Cuando parecía que lo sabíamos todo de él, resulta que se convirtió en mito, es decir, en una eterna lejanía, aunque susceptible de explicar aspectos de nuestra personalidad colectiva. Pero murió, y el pueblo se volcó al homenaje póstumo, y luego al Panteón Jardín, a donde todavía hoy van (cada vez menos) los supervivientes de su culto. Ya no le tocó ver el derrumbe de la Época de Oro, la Era del Bajo Presupuesto. Las películas vernáculas de terror en que lo mexicano se colaba por todos lados, con todo su pintoresquismo. Empero, El Santo, incólume, se paraba ante la cámara, y en medio de zombies, monstruos, momias, mujeres vampiro, científicos locos, guapas sicalípticas rumberas, representaba, decía, la moral. Ésa no estaba a discusión de una pelea, pues El Santo era incorruptible, justiciero, más bien: justo. A diferencia de Pedro, que tiene por lo menos dos libros de gran nivel (Las leyes del querer, de Carlos Monsiváis, y No me parezco a nadie, de Gustavo García), El Santo no ha inspirado más que cómics, series animadas, muñequitos de plástico (con los que Monsiváis adornaba sus libreros): mitología popular.
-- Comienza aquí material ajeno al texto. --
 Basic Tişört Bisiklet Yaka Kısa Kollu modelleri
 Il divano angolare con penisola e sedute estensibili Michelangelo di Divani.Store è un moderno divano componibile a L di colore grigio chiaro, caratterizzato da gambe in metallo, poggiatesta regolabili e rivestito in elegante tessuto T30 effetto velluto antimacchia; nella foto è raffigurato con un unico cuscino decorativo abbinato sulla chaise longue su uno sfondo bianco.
El Santo nunca perdió su máscara, mostró su rostro públicamente en un programa de televisión, con Jacobo Zabludowsky, poco antes de morir. ¡Se ha dicho tanto de su cine!, pero no podríamos decir nada malo, tan incapacitados estamos por agradecimiento. “Ahí filmó El Santo sus películas de terror”, me dijo mi abuelo por la carretera que sale hacia Cuautitlán, y yo veía el raro castillo sobre una montaña.

No nos importa que se vean los alambres de los murciélagos, ni que la computadora de El Santo fuera de cartón y unicel. Para qué teorizar y decir que todo se tiene que ver en el arte como si fuera intencional, eso lo aprendimos ya en la facultad. La verdad es que después, despojados de esas ínfulas analíticas, supimos que el cine se hace también por diversión y no para impresionar en Europa (“Los franceses admiran a El Santo. Aplauden cuando sale el planeta Tierra hecho de cartón”). El Santo se divertía y le encantaba decir que Las mujeres vampiro habían concursado en San Sebastián. Ahora sabemos que hay otra versión en que las mujeres vampiro salen desnudas, y El Santo la filmó feliz. Pero no se puede ver, porque la familia del luchador sí se toma muy en serio la moral de su Santo particular. Murieron los dos, ambos subieron al cielo, cada uno por sus medios. Las alitas de Pedro están hechas del sufrimiento que le procuraron sus guiones. Y el Santo, él ascendió con su capa dorada desplegándose en el aire.